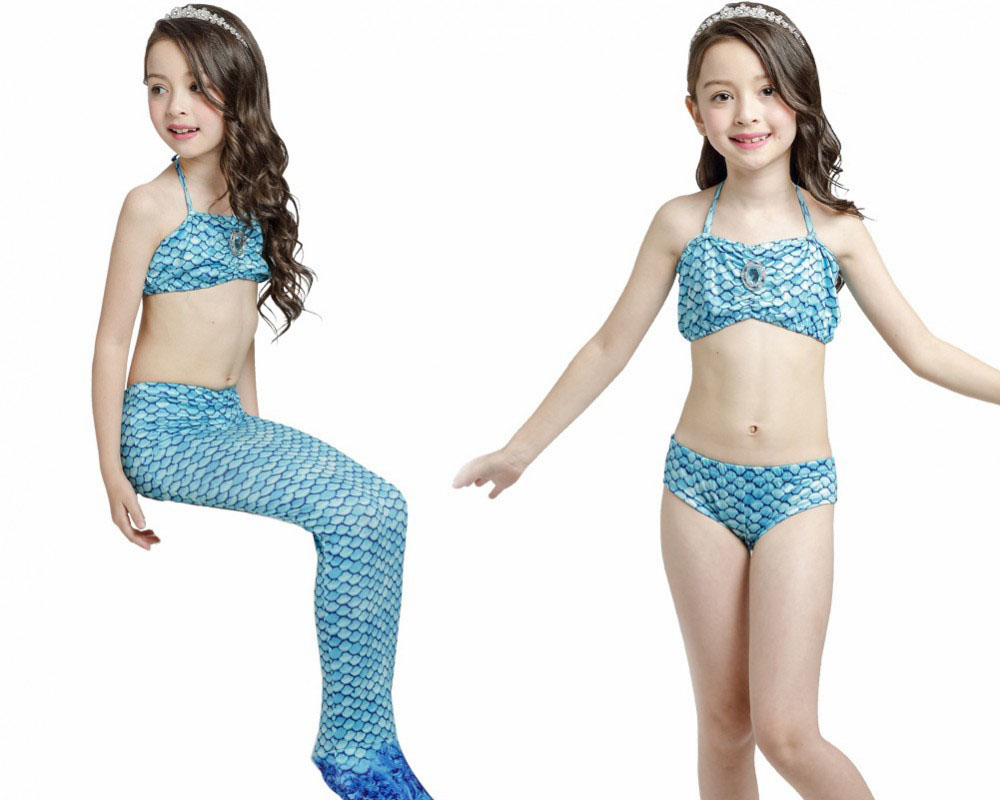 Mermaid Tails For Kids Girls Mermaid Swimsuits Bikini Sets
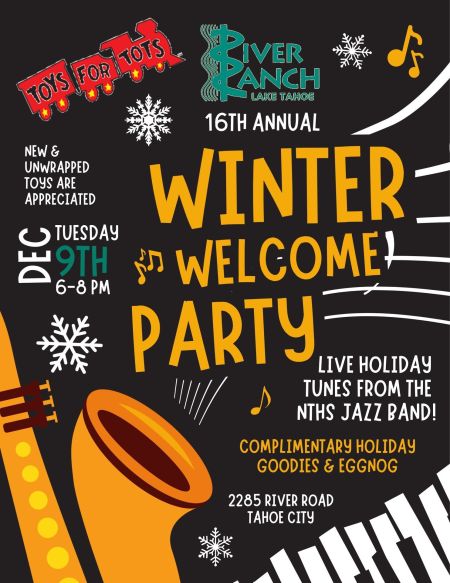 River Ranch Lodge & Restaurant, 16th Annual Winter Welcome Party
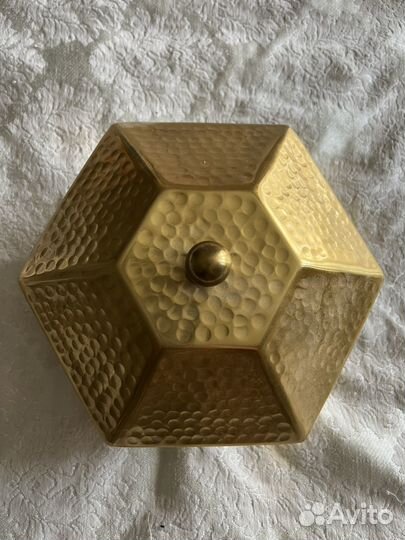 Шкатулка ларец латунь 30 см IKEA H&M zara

Your instructions: A faithful copy of the data above is wanted, with every image left out.

Answer space:
 Mermaid Tails For Kids Girls Mermaid Swimsuits Bikini Sets
 River Ranch Lodge & Restaurant, 16th Annual Winter Welcome Party
 Шкатулка ларец латунь 30 см IKEA H&M zara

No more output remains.